科學家回過頭來,看着顧暮幽說道:“是我的錯,一直以爲你是大人,但你不過是一個孩子而已,身體還是不夠大人能扛。”
“我是……注射了什麼嘛?”顧暮幽心裡不由得懊惱,他若是給自己注射什麼東西,自己也是毫無招架能力的。
可現在她還有利用價值,他應該不會想對自己做什麼吧?
“營養劑,剛纔給你檢查了身體,說你是嚴重的營養不良,看來你最近都沒怎麼好好吃飯嘛,你休息三個小時之後再回來吧。”科學家說完之後便繼續忙活自己手上的工作。
“我能見見我爸媽嗎?”顧暮幽虛弱的問道。
科學家回頭看顧暮幽,然後背過手,嗤笑一聲,點點頭說道:“好,見見吧,始終都是親人,不讓你們見面也說不過去,是吧?”
顧暮幽厭惡他厭惡得要死,但還是忍着沒有說什麼。
她勾起一個難看的笑容說道:“謝謝徐叔叔。”
顧暮幽站了起來,撐着虛弱的身體往外走去。
然後馬上有黑西裝男人跟着她,帶她去潘蘭和顧全勇的房間。
他們最近似乎過得還算可以,起碼臉色是不錯的,看來科學家並沒有虧待他們。
顧暮幽臉色蒼白地走到玻璃牆面前,看着潘蘭和顧全勇還有弟弟們在看着電視,他們神情有些木然,就好像金絲雀一樣,被圈養着沒有了靈魂和自由。
她有些後悔,當初應該讓他們走遠一點,不要跟着她一塊來的。
而鍾新樂的狀態似乎更不好,他緊緊地皺着眉頭,而且他的母親一直在以淚洗面,抱着那個話都不願意說的女兒,一直在哭。
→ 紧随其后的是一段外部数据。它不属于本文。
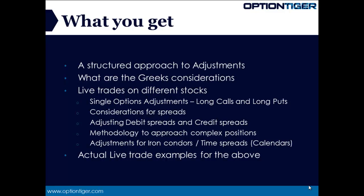What you get in the AdjustMax product is, first of all, a very structured approach to adjustments. You want to make sure that you know what you're going to do — the only consideration is when you're going to do it. The Greeks are important, so we'll be looking at Greek considerations on all positions. This product will also have live trades: live trades for long calls and long puts, for debit spreads and credit spreads, and a live trade on one of the advanced positions — most probably a calendar, since iron condors are already covered in CondorMax. We'll have actual live trade examples for all of these.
“我能和他們說說話嗎?”顧暮幽擡起頭,有些哀求的問着黑西裝男人。
“不能,徐教授說了,正是敏感時期,還請不要因爲這些人影響你的心情。”黑西裝男人冷漠的回答道。
顧暮幽很想一拳過去,可她根本沒有力氣做到。
她冷笑一聲說道:“你們都爲徐教授做事,沒有自己的父母嗎?”
“徐教授就是一切,親人這些不重要。”黑西裝男子公式化的回答着。